▶ [Problem to work on]:
Using only the entries below, copy exactly the lines that begin at the one with "Concert Pop Love Kids United" and end at the one with "Toyota Venza 2024 صورة سيارة #4", both included. Drop the pictures.
[Opening Dataset section]
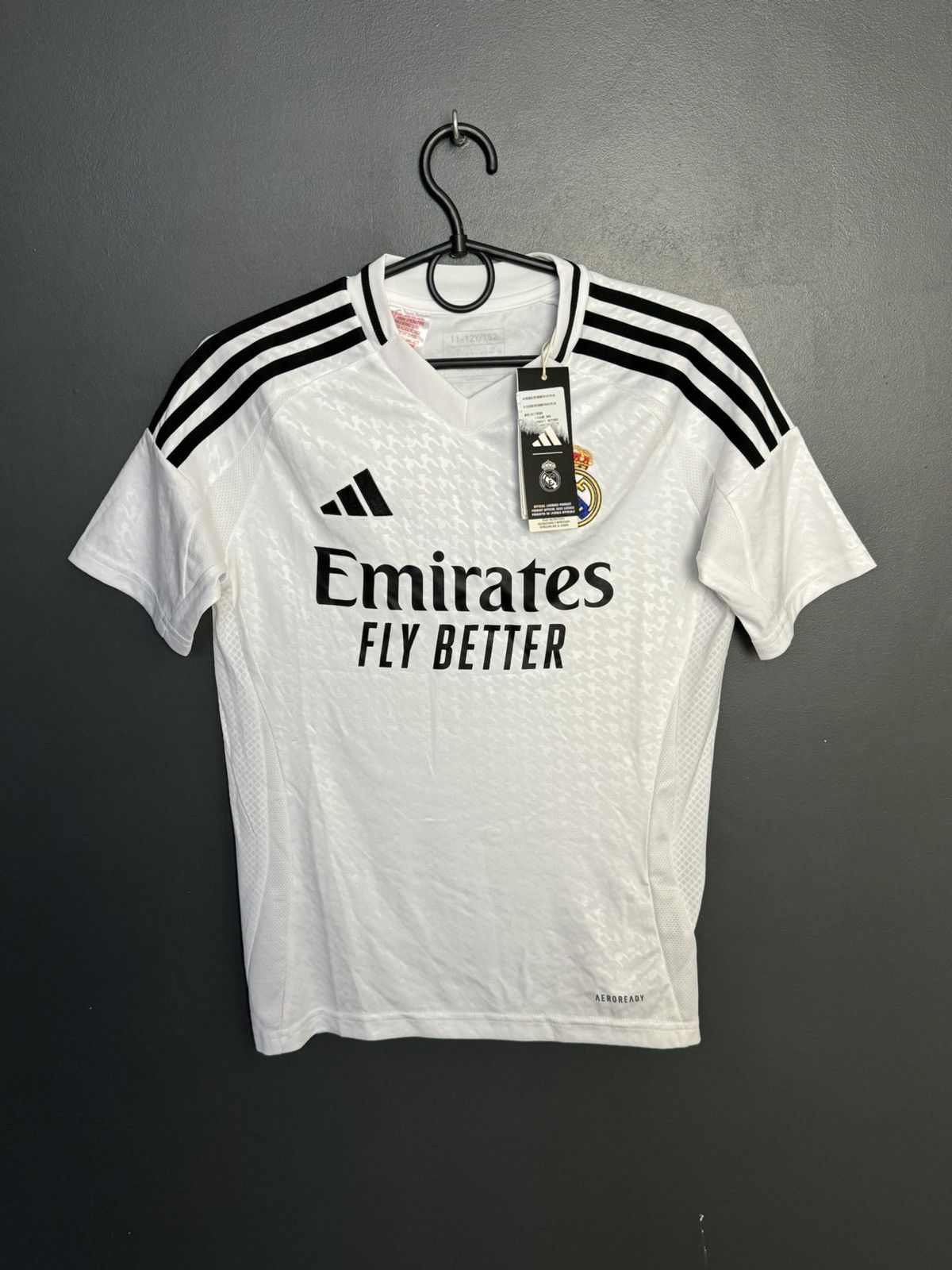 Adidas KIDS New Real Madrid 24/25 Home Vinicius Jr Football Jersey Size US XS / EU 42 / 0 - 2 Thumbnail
[Closing Dataset section]
[Opening Dataset section]
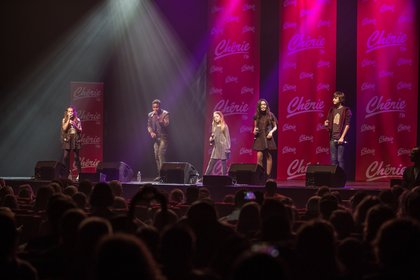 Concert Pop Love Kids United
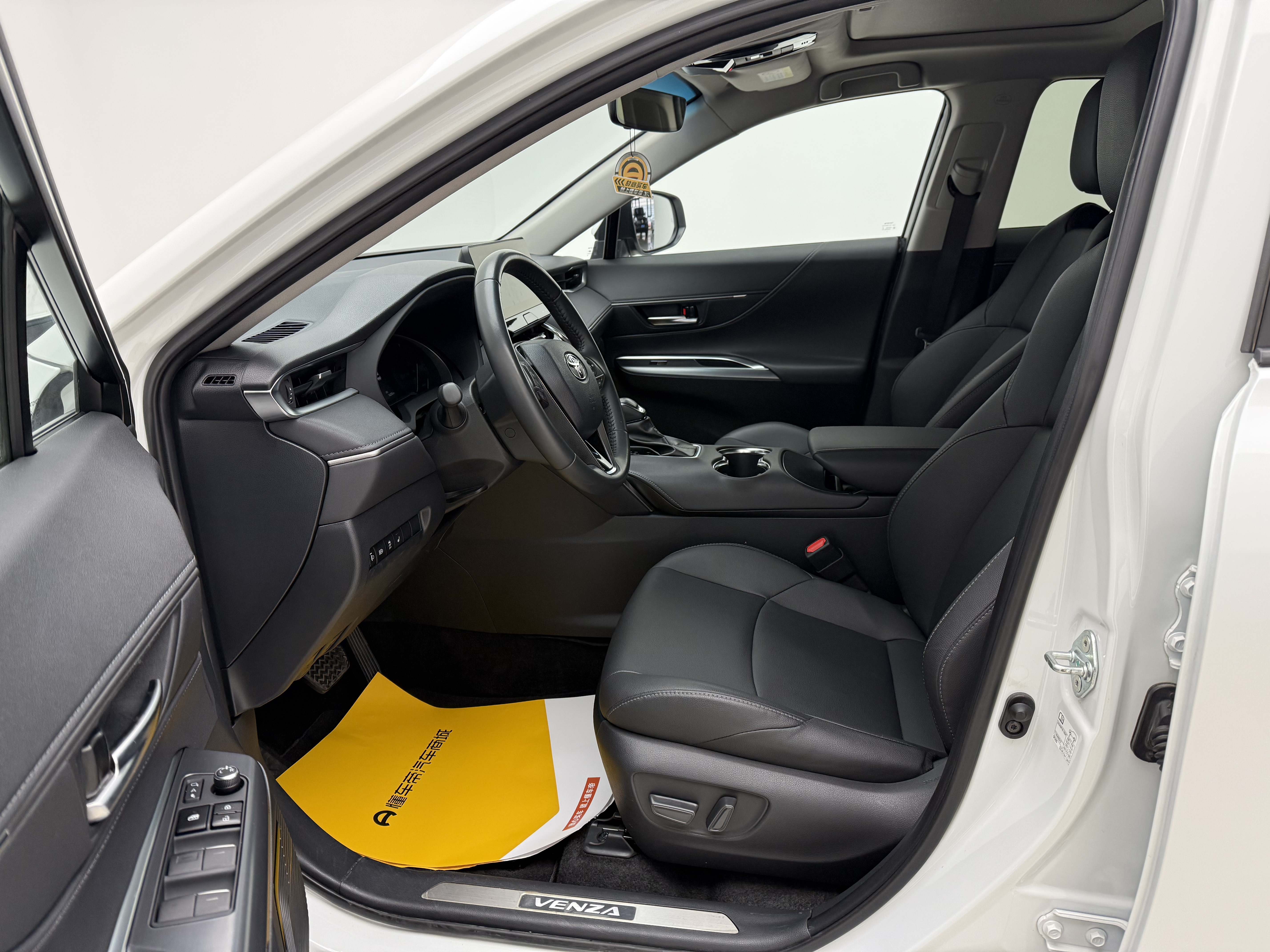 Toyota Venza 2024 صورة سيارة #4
[Closing Dataset section]
▶ [Problem solution]:
 Concert Pop Love Kids United
 Toyota Venza 2024 صورة سيارة #4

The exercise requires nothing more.